Your output should be the lines from the one containing "Photo of the" through the end of the listing, exact and inclusive, with no pictures.

Start of Excerpted data

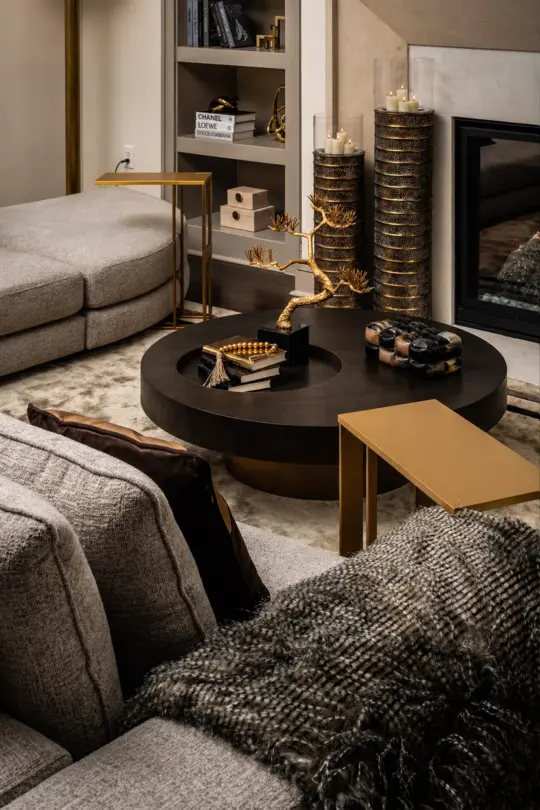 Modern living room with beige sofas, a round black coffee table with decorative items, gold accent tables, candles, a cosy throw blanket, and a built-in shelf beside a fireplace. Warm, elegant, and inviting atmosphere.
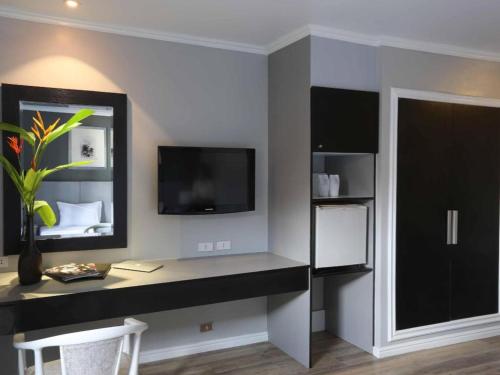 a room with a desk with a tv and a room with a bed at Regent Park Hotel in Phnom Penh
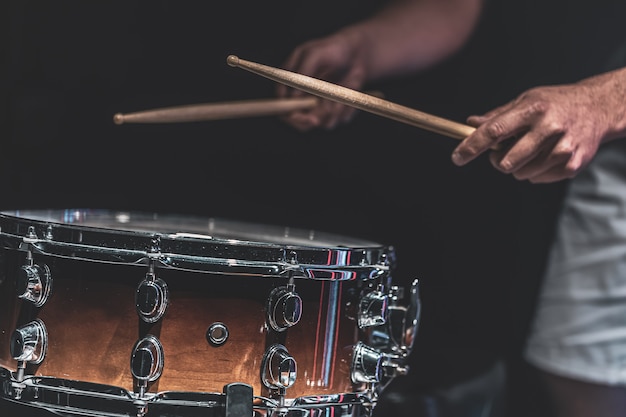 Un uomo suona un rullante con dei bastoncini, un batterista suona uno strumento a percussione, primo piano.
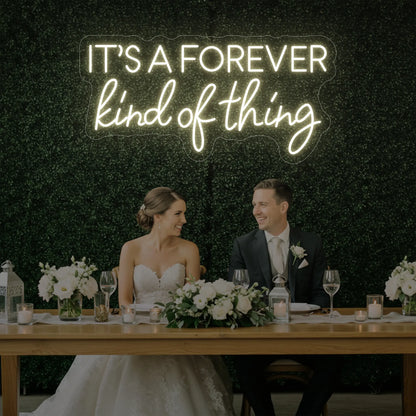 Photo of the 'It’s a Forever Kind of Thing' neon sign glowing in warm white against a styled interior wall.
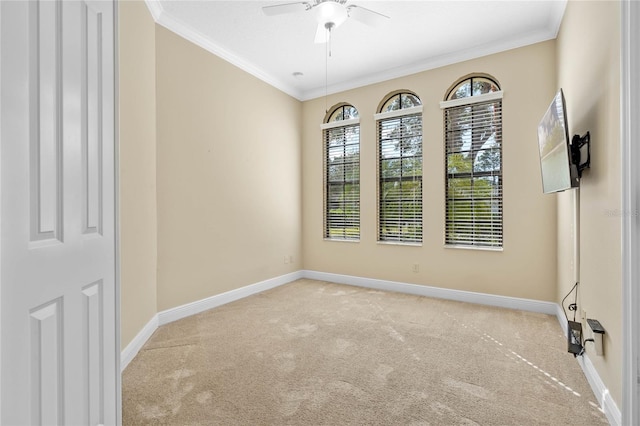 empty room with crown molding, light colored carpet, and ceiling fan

End of Excerpted data

### Your response
 Photo of the 'It’s a Forever Kind of Thing' neon sign glowing in warm white against a styled interior wall.
 empty room with crown molding, light colored carpet, and ceiling fan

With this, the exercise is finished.